Leider gibt es jenes Dorf heute nicht mehr. Wir wußten lediglich, daß es sich hier irgendwo am Fuße des Mount Wilhelm befunden haben mußte. Damit war uns die Suche nach Crxs erschwert, weil wir nicht einfach am 15. März auf sein Erscheinen warten konnten.


In einem Reflex griff ich nach meiner Kamera und blitzte. Diese Aufnahme (s.o.) brachte mich in allerhöchste Lebensgefahr. Durch das grelle Licht irritiert stürzte sich Crxs brüllend und tobend auf mich. Ryan rettete mein Leben. Er stellte dem Monster geistesgegenwärtig ein Bein und bewarf ihn wie wild mit brennenden Holzscheiten. Beide, Ryan und Crxs, schrien und kreischten ohrenbetäubend. Ich flüchtete in der Zwischenzeit hinter einen dunklen Strauch und beobachtete. Es gelang Ryan tatsächlich, den Crxs in die Flucht zu schlagen. Vermutlich war dieser mit so einem Verhalten nicht vertraut und bekam es mit der Angst zu tun. Crxs stobte mit ebensolchem Geknacke, unter dem er gekommen war – das schnell leiser wurde und bald verschwand – hinaus in den Wald.

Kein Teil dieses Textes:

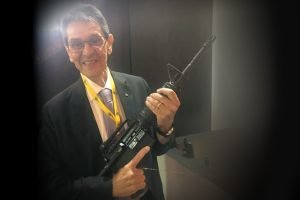 Foto: 1 de 1 Roberto Jefferson com um fuzil - Foto: Reprodução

Ryan schoß immer noch Fackeln und schrie. Keiner von uns konnte diese Nacht noch schlafen. So saßen wir fassungslos und ohne ein Wort zu sprechen in der Mitte des Lagers zusammen. Wir bemühten uns, ein möglichst hohes Feuer zu nähren. Ryan war in Ohnmacht gefallen.


Crxs ist ein etwa sechs Meter großes affenähnliches, vermutlich höchst intelligentes, Wesen. Anzunehmen ist, daß es sich um jenen Crxs handelte, von dem auch schon vor hundert Jahren berichtet wurde. Damit hätten wir es hier mit einer Spezies zu tun, deren Lebenserwartung außergewöhnlich ist. Vielleicht ist er aber ein Nachfahre des damaligen Crxs. Dies bedeutete allerdings, daß es eine Crxs-Familie gibt. Mit an Sicherheit grenzender Wahrscheinlichkeit ist Crxs ein naher Verwandter des norwegischen Trolls. Vor allem die körperliche Ähnlichkeit ist auffallend. Ließen sich hierfür weitere Beweise erbringen, müßte man wohl die Geschichtsschreibung dahingehend ergänzen, daß die Wikinger Papua-Neuguinea entdeckt haben ...


Im Mai 1998 wird E. Plemp wieder nach Papua-Neuguinea reisen. Versehen mit geeigneterer Ausrüstung, Hochleistungsflammenwerfern und Feuerwehrsirenen, wird dann versucht, die Familiensituation von Crxs zu klären. Ebenso stellt sich die Frage, was er am liebsten frißt, weil er dabei nicht beobachtet werden konnte. Wir wissen nun, daß es den Crxs tatsächlich gibt, seine Person bleibt uns aber vorerst weiterhin geheimnisumwittert.